That's my whole problem with religion. Which bible or version of said bible are you basing your faith in?? Don't forget all the books of said bible that have been removed over the course of history. To get to whatever the church wants you to believe at this point.

With this in mind how does this mean the end of the world will be coming anytime soon?? Just asking, not trying to start a big fight.


----------



## bigwheel (Sep 22, 2014)

Well I feels your pain. If a person cant bring themselves to trust the veracity of the Bible..guess there is no hope for them to expect to gain eternal life. Its way too sad.


----------



## stowlin (Apr 25, 2016)

Sadly you could look upon it as Putin playing trump on that topic for what difference does it make if putin says he supports Israel when he wouldn’t stop Syria from crushing Israel if they could.


----------



## Annie (Dec 5, 2015)

dwight55 said:


> I heard a murmur about this, . . . wanted to kick it up for discussion:
> 
> 1. Vladimer Putin is a practicing Russian Orthodox Christian ( https://www.economist.com/europe/2018/02/03/vladimir-putin-embraces-the-russian-church )
> 
> ...


I believe Russia's been chosen by God and has a pivotal role to play in the days ahead. How this will come about or why Russia was chosen I can't tell you, but it's all part of the Fatima prophecies that Russia will be converted and Our Ladie's Immaculate Heart will triumph.


----------



## The Resister (Jul 24, 2013)

MaterielGeneral said:


> Can't think, you have to quote scripture.
> 
> Just make sure you are using an older Bible. Apparently some of the new Bibles even the King James version they are changing the wording. things that Christ spoke that should be in letter red have been either change or totally erased.
> 
> ...


The AKJV is probably the easiest to double check along with Strong's Exhaustive Concordance of the Bible since the AKJV is translated from the Greek and Hebrew with many tools to double check for errors.

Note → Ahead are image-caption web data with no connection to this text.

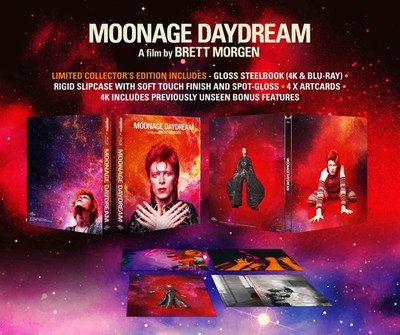 Moonage Daydream  4K Ultra HD + Blu-ray Limited Steelbook Collector's Edition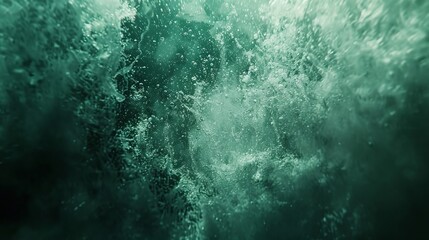 Fototapeta premium Underwater Bubbles Texture: Abstract Ocean Deep, Refreshing Backdrop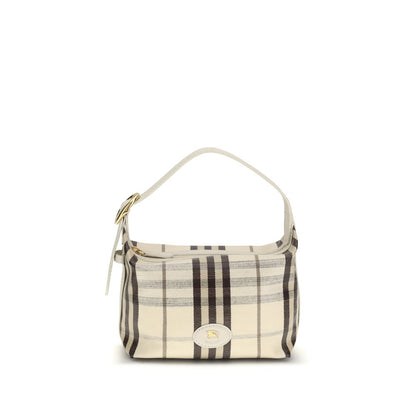Sac bandoulière Burberry beige en polyamide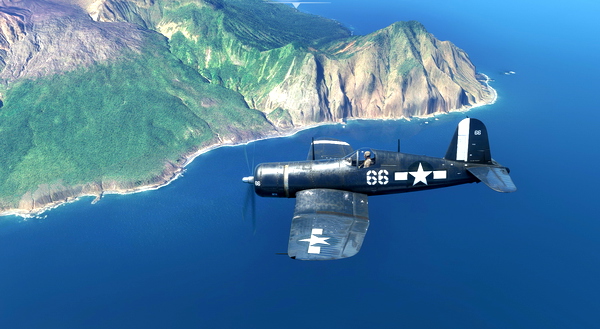 Goodyear FG-1D Corsair VF-10 #66 Ens. Lerch - for Microsoft Flight Simulator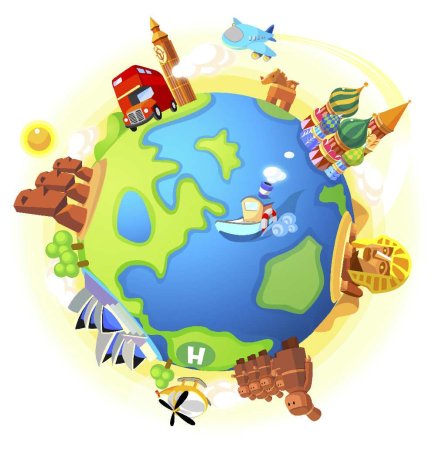 Вокруг света иллюстрации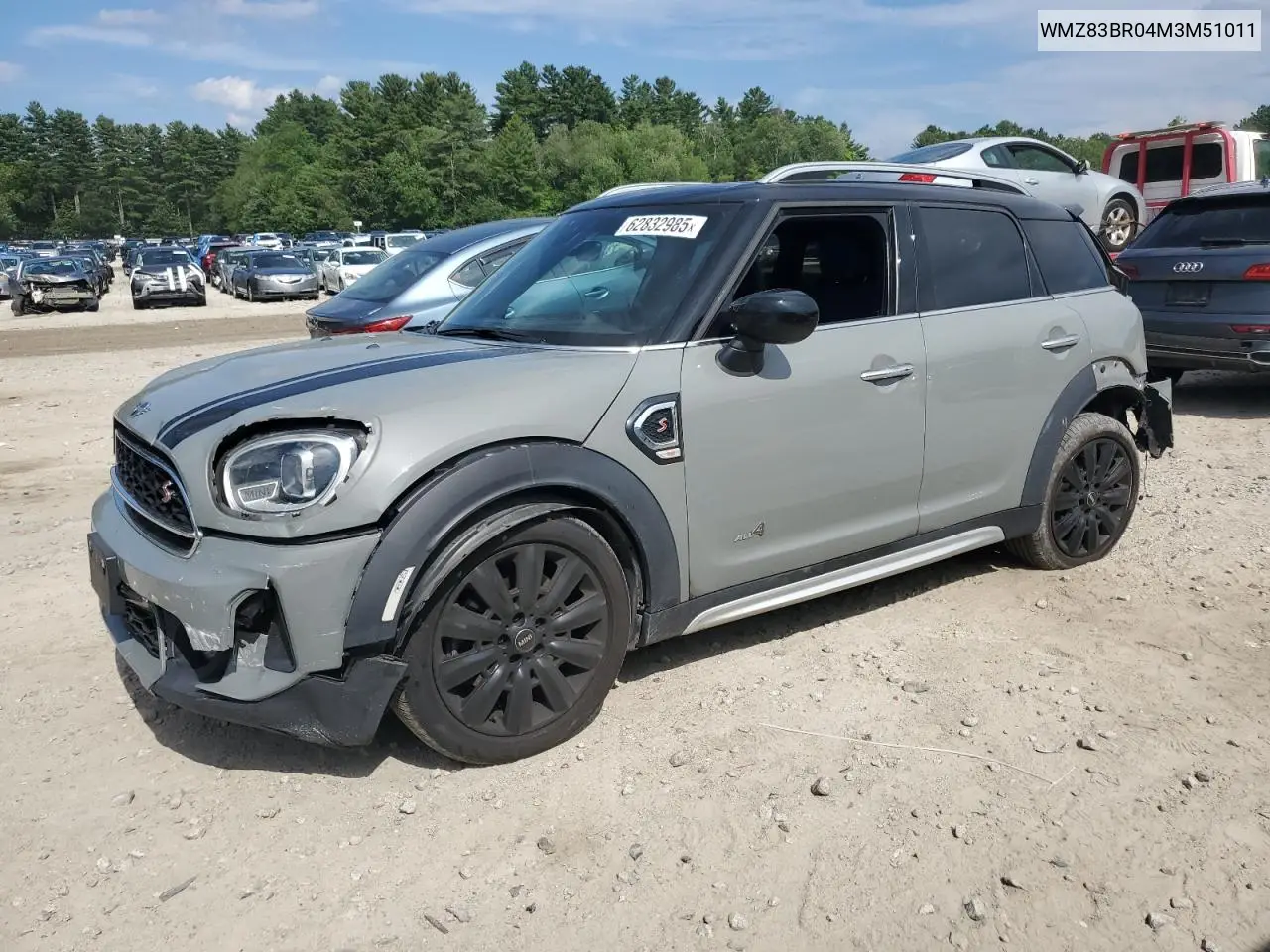 2021 Mini Cooper S Countryman All4 VIN: WMZ83BR04M3M51011 Lot: 62832985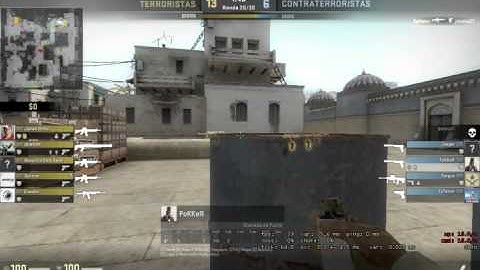 CS GO de_dust2 ninja defuse 1v5
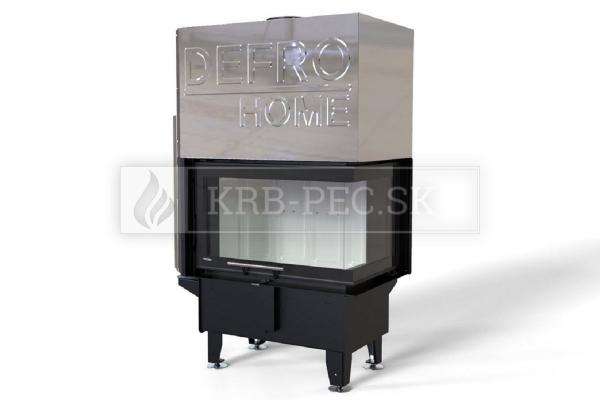 Defro Home RIVA SM BP SHORT G oceľová teplovzdušná rohová krbová vložka s výsuvnými dvierkami krb-peci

In 1516, IIRC, Erasmus published his Greek and Latin version of the New Testament. This one is probably one of the more error free translations. It contains errors, but fewer than the AKJV.


----------



## dwight55 (Nov 9, 2012)

stowlin said:


> Sadly you could look upon it as Putin playing trump on that topic for what difference does it make if putin says he supports Israel when he wouldn't stop Syria from crushing Israel if they could.


I don't think there is any danger of Syria crushing Israel, . . . Syrian ********* only know the tactics of "overwhelm with artillery, tanks, then bodies", . . . which is an all too easily defeated strategy.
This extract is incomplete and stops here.